One other thing: weren’t you going to include STV for reference?

1 Like

I think @Sara_Wolf or @ClayShentrup would be better suited to quite something for public consumption. I am not really sure Wrapping it in ELI5 would add much. It is pretty clean code so should be pretty accessible. That said I would not stop anybody.

The difficulty for calculation is like: Allocation > Unitary (SSS) > Jefferson (RRV)

The difficulty for explanation is like: Jefferson (RRV) > Unitary (SSS) > Allocation

I would think Jefferson (RRV) is demonstrably bad in these results so for me it really comes down to Unitary (SSS) > Allocation. It seems the Hare Ballot selection from Sequential Monroe does not add anything so it can be cut out.

I think it sort of comes down to Free Riding. @Marylander, you are the expert around here so I would like your opinion. Of the three SSS, Utility Allocation and Sequential Monroe. Does any stand out in terms of Free Riding?

Yes, that is in the to do list. This update was for Allocation and Hare Ballot selection. This simulation does not really lend itself simply to STV. Score can be turned into rank so that we can use the same input. Also, all the comparison metrics only need the winner set so they will be comparable. The larger issue is that there are many candidates and I allow for clones so effectively infinite. I have some ideas for how to code this but I think it would be computationally expensive not matter how it is done. I also do not think I should be the one to do it. I am not an expert on STV so would not know which one to code. Also, I have put a lot of time into this code already so I feel somebody else should pitch in.

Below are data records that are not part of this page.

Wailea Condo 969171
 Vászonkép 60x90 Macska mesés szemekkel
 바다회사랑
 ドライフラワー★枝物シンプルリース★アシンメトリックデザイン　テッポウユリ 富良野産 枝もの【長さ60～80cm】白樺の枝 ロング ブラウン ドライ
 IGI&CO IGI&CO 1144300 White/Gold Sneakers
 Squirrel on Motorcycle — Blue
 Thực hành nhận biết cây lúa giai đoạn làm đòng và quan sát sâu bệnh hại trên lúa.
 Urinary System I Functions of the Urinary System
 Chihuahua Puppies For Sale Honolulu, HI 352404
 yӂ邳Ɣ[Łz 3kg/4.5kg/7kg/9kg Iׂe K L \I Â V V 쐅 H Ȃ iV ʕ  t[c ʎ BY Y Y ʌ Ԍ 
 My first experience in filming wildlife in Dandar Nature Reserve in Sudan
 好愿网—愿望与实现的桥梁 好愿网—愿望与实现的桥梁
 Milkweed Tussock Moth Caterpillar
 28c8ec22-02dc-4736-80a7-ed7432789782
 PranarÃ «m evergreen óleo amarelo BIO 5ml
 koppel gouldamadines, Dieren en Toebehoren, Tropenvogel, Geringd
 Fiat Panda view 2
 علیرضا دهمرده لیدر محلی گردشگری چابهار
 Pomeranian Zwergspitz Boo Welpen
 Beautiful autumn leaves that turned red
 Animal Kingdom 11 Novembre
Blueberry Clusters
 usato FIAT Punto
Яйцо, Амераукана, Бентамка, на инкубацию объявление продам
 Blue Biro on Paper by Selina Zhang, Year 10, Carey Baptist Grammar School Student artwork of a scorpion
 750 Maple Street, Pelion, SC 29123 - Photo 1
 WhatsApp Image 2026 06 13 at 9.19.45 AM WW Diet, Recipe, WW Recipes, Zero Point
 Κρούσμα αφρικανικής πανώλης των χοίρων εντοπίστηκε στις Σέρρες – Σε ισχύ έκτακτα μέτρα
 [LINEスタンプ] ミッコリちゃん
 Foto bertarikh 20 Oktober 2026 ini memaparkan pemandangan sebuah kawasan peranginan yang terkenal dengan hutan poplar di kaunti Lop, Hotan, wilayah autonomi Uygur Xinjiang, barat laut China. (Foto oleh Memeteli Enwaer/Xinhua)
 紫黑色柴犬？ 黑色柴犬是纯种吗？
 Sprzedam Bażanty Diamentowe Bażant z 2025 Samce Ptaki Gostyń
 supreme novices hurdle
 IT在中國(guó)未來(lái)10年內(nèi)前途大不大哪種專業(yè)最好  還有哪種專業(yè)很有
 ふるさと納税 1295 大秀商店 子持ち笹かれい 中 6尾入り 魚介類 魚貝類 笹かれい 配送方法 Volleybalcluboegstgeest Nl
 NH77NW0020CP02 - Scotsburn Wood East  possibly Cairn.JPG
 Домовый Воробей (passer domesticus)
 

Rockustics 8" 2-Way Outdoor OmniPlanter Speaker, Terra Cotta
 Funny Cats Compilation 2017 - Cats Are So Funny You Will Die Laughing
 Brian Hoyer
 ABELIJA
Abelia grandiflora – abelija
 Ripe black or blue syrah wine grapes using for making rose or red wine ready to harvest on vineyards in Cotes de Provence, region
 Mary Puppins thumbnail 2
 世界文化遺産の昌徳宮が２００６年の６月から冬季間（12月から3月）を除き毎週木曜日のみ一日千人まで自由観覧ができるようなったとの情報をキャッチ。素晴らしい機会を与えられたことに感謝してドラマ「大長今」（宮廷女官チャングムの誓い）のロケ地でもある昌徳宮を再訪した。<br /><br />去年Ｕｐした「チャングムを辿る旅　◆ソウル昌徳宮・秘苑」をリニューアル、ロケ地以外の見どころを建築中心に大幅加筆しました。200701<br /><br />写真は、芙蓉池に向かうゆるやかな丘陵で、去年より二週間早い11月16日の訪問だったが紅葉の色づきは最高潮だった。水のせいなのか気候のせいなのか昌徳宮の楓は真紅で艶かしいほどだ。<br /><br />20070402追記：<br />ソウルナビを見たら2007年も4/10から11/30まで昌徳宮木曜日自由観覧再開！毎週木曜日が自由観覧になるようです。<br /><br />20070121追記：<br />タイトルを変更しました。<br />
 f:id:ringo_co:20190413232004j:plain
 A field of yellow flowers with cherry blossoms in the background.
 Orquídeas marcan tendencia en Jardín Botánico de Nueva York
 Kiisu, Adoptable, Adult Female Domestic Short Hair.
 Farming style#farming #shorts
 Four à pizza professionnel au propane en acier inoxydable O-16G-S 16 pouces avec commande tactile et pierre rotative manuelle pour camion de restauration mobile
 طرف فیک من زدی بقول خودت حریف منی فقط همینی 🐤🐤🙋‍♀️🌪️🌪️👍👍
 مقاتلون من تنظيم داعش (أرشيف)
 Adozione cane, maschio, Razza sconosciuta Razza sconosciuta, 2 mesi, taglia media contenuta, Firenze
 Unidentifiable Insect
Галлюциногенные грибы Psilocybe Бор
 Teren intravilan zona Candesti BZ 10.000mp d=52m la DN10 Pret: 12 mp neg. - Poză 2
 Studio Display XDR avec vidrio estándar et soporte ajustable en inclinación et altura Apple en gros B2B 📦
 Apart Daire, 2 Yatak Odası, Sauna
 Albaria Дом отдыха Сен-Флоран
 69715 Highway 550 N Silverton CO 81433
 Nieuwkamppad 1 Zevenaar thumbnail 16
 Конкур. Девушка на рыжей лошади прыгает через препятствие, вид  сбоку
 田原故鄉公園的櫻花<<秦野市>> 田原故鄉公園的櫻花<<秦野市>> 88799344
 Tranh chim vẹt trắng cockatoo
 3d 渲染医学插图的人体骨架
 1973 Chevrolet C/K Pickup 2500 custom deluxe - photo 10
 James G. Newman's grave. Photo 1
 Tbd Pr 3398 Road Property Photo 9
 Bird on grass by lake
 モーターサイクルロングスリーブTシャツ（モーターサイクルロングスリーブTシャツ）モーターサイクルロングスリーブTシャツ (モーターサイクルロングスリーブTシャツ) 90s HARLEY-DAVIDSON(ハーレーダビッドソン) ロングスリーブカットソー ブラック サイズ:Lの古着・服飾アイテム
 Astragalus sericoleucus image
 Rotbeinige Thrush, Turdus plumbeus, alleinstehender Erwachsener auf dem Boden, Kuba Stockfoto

STV would be very interesting to compare in terms of the polarization metrics…

If it makes things easier to code, STV can be simulated with equal ranks permitted. I’d guess the results in a simulation should be close to regular STV, though maybe that hypothesis can be tested by doing a simulation with fewer voters and candidates for both ties permitted and not.

Can we make a new thread with the debate about which version of STV is the gold standard to beat? I would think the version used in Australia for advocacy reasons.

While I’d guess allowing equal ranks is better than not, I’m not sure whether it could be practically implemented. There are two variants that I’m aware of: one vote split between candidates (3 tied candidates each get 1/3rd of a vote, but if one of them is eliminated, the remaining two now get 1/2 a vote) and one vote per candidate (3 tied candidates each get one vote.) The interesting implication of “one vote per candidate” is that to be proportional, you can only elect one candidate at a time, otherwise you can get bizarre results like the following 3-winner election:

34 A=B=C
33 D=E=F
33 G=H=I

A, B, and C all win despite the other two factions having Droop Quotas. In a simulation, this “elect one at a time and exhaust ballots” requirement might be very computationally costly, since you could theoretically have an STV election where the required number of candidates have a Droop Quota yet you can’t instantly declare all of them elected.

I don’t know how difficult it’d be to simulate “one vote split between candidates” either; the only tough thing there is making sure the program keeps track of how many candidates a ballot is currently split up between and making sure it remains as close to 1.0 votes as possible (probably while staying under it, for reasons of voter equality.)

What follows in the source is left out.